# Mossberg ATR?



## whtlhntr (Dec 24, 2009)

Am going to purchase a stainless 308 in the near future and, being as I have other Ruger M77's in 25-06 and 7mm Mag was just going to get one.  Started looking and saw this Mossberg ATR.  Never have held one, of course they make it sound great on the web site-button rifled, free floated and all.  Good looking from the pics, and I understand that you get what you pay for, but, has anyone had any experience with them?  Accuracy, balance, fit and finish?  Might go that route if the gun will be accurate.  Didn't like the feel of a Remington 710, like the 700 so that's another option, along with the Marlin Xl7, or even a Browning X-bolt Stainless Stalker.  Might even go with a Savage or Tikka.  My only real requirements are a stainless 308.  What do y'all think?


----------



## sea trout (Dec 24, 2009)

haven't shot a atr yet, i've held one, it was balanced and felt quick to me. my family, and extended family, and myself all have other mossberg products and they are very durable, easy keepers. it seems odd how mossberg is priced well below guns that .....i dont think are any better. exept ruger of course but i see you already know that! merry christmas!!!!!!


----------



## HCA59 (Dec 24, 2009)

My son bought one a while back in .270 and it shoots great. He put a nice Nikon scope on it and it groups great at 100 yards. For the money you cant beat it.


----------



## Catfish369 (Dec 27, 2009)

I own and shoot an ATR in '06 and couldn't be happier.  Last season, in the field, I took 5 shots and made 5 kills.  I also topped mine with a Nikon... a Prostaff 3-9x40.


----------



## steph30030 (Dec 27, 2009)

I have owned 2 of the ATR 100 in 270 cal.! The 1st one I took me some 100 grit sandpaper to the stock, And did a outstanding camo job on it with the rock grip finish. Did a little trigger work to it such as filing the sear pin a little, Put it back together and topped it with a BSA 50mm and can shoot a 3 shot group at 100yrds that u can cover up with a quarter.

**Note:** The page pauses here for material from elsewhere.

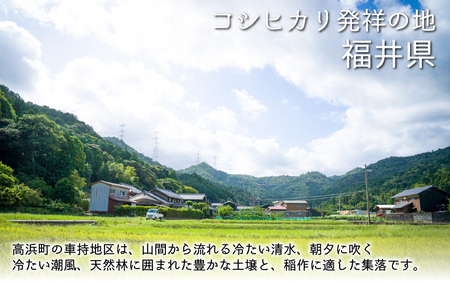 【先行予約】【令和7年産　新米】【3ヶ月定期便】くらもち完熟米 コシヒカリ 白米10kg（5kg×2袋）×3回　計30kg【2025年10月より順次発送】ふるさと納税 定期便 毎月 届く 小分け 米 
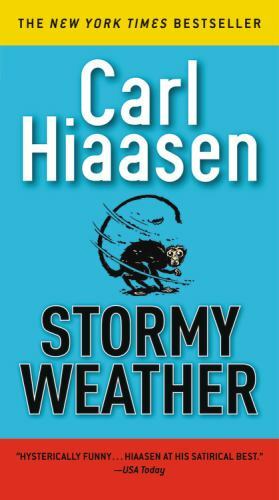 Stormy Weather by Hiaasen, Carl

I wasnt to fond of the BSA's until I seen what this scope was capable of, I've seen some bsa's that wasnt worth a flip. But this one was a good one! Needless to say a close friend of mine seen and shot it and then purchased it from me. So then I had to make one identicle to that one for me, But the one I have now, the 3 shot groups arent as tight! $300 gun and $175 scope, Shoots like the 700's I've owned! Great gun!


----------